Yesterday's visit to the Parklands began and ended with birds.

First, as we walked along the creek, in the off-lead area, Penny had to stay on lead because there was a duck with ducklings. (Click on the photo to enlarge it and see the gorgeous little creatures.)

Penny didn't even realise they were there but the mother duck was concerned, so she gathered up her large brood and headed for the opposite bank.

And soon the babies were completely hidden.

After our exercise we made our way up the path and came across a baby crow (actually a species of raven, I think, but I call them crows) sitting quietly in the main entrance. Dogs are supposed to be on lead at that point, but I wasn't confident that everyone would obey the rule, so I called in at the house next door and asked the owner if I could put the baby over the fence into his yard.

He said it had in fact been in his front and back yards during the day, so we presumed it could fly at least a little.

The baby was quite unconcerned about being carried around by a human (wrapped in my jacket).

In the end I decided to put it back in the park, because I'm fairly sure there's a crows' nest in one of the tall trees there. It shook out its wings as I placed it in the tree and observed me calmly as I hurried back to collect Penny from the fence where she was waiting on lead.

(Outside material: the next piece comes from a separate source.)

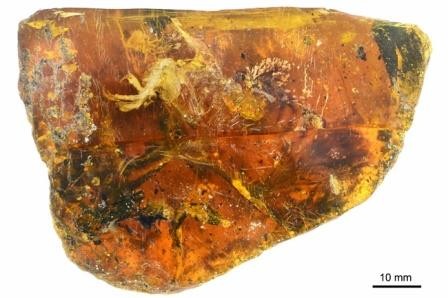 Китайские палеонтологи купили в мьянме кусок янтаря с мезозойским птенцом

I hope I did the right thing. I've checked with a bird-loving friend and she says it's a myth that human handling of a baby bird makes the parents reject it. And I remember one year when a whole nest full of baby crows took turns to tumble onto the ground from their nest in my school, and were subsequently cared for on the ground by the adult birds, over a period of weeks, whilst hundreds of young children played around them.

So I think the parents will come back and care for this fledgling.

Another reason I decided to move it was that two Indian Mynahs were walking around it and I thought maybe they were going to attack it.

swimming in Darebin Parklands

Yesterday Penny and I came across another section of the Darebin Creek where it is fun to swim. She swam for ages, setting out across the little area to collect tennis balls, as I fiddled with my camera and took lots of shots. Penny didn't seem to tire of it for ages.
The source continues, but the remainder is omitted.